◆ Activity ◆
The full set of lines below has to be written out again exactly.

◆ Input material ◆
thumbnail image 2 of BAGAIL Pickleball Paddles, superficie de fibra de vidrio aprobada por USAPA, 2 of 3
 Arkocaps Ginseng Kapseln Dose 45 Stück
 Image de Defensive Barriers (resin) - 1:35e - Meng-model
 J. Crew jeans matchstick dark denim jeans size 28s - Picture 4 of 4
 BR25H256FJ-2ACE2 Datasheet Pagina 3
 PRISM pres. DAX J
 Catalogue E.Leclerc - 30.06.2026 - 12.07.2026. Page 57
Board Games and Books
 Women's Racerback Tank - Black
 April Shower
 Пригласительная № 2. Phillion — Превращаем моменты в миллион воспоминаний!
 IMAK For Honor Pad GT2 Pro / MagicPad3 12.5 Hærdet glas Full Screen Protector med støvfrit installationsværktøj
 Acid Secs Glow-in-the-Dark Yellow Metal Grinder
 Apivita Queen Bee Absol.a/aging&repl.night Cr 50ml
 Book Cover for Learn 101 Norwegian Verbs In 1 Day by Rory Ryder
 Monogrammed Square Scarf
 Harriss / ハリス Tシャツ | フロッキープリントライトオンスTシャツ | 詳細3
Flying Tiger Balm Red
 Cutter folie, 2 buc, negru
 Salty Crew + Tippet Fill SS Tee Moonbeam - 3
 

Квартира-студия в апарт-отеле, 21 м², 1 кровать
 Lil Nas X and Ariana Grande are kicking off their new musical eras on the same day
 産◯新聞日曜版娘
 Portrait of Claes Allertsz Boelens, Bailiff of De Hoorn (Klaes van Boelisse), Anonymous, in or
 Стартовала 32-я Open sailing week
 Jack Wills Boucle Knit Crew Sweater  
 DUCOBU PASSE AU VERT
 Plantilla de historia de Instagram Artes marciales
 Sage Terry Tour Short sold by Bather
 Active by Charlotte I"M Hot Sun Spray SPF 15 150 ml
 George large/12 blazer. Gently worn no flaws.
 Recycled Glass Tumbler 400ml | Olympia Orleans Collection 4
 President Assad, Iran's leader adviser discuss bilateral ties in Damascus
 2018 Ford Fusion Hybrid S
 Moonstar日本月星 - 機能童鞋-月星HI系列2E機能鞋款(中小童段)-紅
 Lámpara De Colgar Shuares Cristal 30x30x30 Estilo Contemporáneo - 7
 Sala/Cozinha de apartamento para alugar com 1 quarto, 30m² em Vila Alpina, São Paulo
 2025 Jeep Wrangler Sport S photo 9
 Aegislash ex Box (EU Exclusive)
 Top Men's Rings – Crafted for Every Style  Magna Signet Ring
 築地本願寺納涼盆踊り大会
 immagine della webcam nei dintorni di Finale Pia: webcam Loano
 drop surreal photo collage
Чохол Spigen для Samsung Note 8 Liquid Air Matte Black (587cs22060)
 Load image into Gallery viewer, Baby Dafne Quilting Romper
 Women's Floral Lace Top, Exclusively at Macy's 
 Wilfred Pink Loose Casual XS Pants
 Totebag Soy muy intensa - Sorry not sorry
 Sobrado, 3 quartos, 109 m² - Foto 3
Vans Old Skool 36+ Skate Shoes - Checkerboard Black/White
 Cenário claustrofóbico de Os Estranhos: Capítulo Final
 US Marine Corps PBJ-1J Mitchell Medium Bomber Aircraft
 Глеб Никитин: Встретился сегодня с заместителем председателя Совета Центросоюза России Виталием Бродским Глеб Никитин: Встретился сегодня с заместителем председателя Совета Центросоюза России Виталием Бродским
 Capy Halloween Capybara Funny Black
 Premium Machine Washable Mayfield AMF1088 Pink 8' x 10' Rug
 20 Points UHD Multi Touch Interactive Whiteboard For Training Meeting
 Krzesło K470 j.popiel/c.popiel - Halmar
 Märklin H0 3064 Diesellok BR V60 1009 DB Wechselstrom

◆ Output for this exercise ◆
thumbnail image 2 of BAGAIL Pickleball Paddles, superficie de fibra de vidrio aprobada por USAPA, 2 of 3
 Arkocaps Ginseng Kapseln Dose 45 Stück
 Image de Defensive Barriers (resin) - 1:35e - Meng-model
 J. Crew jeans matchstick dark denim jeans size 28s - Picture 4 of 4
 BR25H256FJ-2ACE2 Datasheet Pagina 3
 PRISM pres. DAX J
 Catalogue E.Leclerc - 30.06.2026 - 12.07.2026. Page 57
Board Games and Books
 Women's Racerback Tank - Black
 April Shower
 Пригласительная № 2. Phillion — Превращаем моменты в миллион воспоминаний!
 IMAK For Honor Pad GT2 Pro / MagicPad3 12.5 Hærdet glas Full Screen Protector med støvfrit installationsværktøj
 Acid Secs Glow-in-the-Dark Yellow Metal Grinder
 Apivita Queen Bee Absol.a/aging&repl.night Cr 50ml
 Book Cover for Learn 101 Norwegian Verbs In 1 Day by Rory Ryder
 Monogrammed Square Scarf
 Harriss / ハリス Tシャツ | フロッキープリントライトオンスTシャツ | 詳細3
Flying Tiger Balm Red
 Cutter folie, 2 buc, negru
 Salty Crew + Tippet Fill SS Tee Moonbeam - 3
 

Квартира-студия в апарт-отеле, 21 м², 1 кровать
 Lil Nas X and Ariana Grande are kicking off their new musical eras on the same day
 産◯新聞日曜版娘
 Portrait of Claes Allertsz Boelens, Bailiff of De Hoorn (Klaes van Boelisse), Anonymous, in or
 Стартовала 32-я Open sailing week
 Jack Wills Boucle Knit Crew Sweater  
 DUCOBU PASSE AU VERT
 Plantilla de historia de Instagram Artes marciales
 Sage Terry Tour Short sold by Bather
 Active by Charlotte I"M Hot Sun Spray SPF 15 150 ml
 George large/12 blazer. Gently worn no flaws.
 Recycled Glass Tumbler 400ml | Olympia Orleans Collection 4
 President Assad, Iran's leader adviser discuss bilateral ties in Damascus
 2018 Ford Fusion Hybrid S
 Moonstar日本月星 - 機能童鞋-月星HI系列2E機能鞋款(中小童段)-紅
 Lámpara De Colgar Shuares Cristal 30x30x30 Estilo Contemporáneo - 7
 Sala/Cozinha de apartamento para alugar com 1 quarto, 30m² em Vila Alpina, São Paulo
 2025 Jeep Wrangler Sport S photo 9
 Aegislash ex Box (EU Exclusive)
 Top Men's Rings – Crafted for Every Style  Magna Signet Ring
 築地本願寺納涼盆踊り大会
 immagine della webcam nei dintorni di Finale Pia: webcam Loano
 drop surreal photo collage
Чохол Spigen для Samsung Note 8 Liquid Air Matte Black (587cs22060)
 Load image into Gallery viewer, Baby Dafne Quilting Romper
 Women's Floral Lace Top, Exclusively at Macy's 
 Wilfred Pink Loose Casual XS Pants
 Totebag Soy muy intensa - Sorry not sorry
 Sobrado, 3 quartos, 109 m² - Foto 3
Vans Old Skool 36+ Skate Shoes - Checkerboard Black/White
 Cenário claustrofóbico de Os Estranhos: Capítulo Final
 US Marine Corps PBJ-1J Mitchell Medium Bomber Aircraft
 Глеб Никитин: Встретился сегодня с заместителем председателя Совета Центросоюза России Виталием Бродским Глеб Никитин: Встретился сегодня с заместителем председателя Совета Центросоюза России Виталием Бродским
 Capy Halloween Capybara Funny Black
 Premium Machine Washable Mayfield AMF1088 Pink 8' x 10' Rug
 20 Points UHD Multi Touch Interactive Whiteboard For Training Meeting
 Krzesło K470 j.popiel/c.popiel - Halmar
 Märklin H0 3064 Diesellok BR V60 1009 DB Wechselstrom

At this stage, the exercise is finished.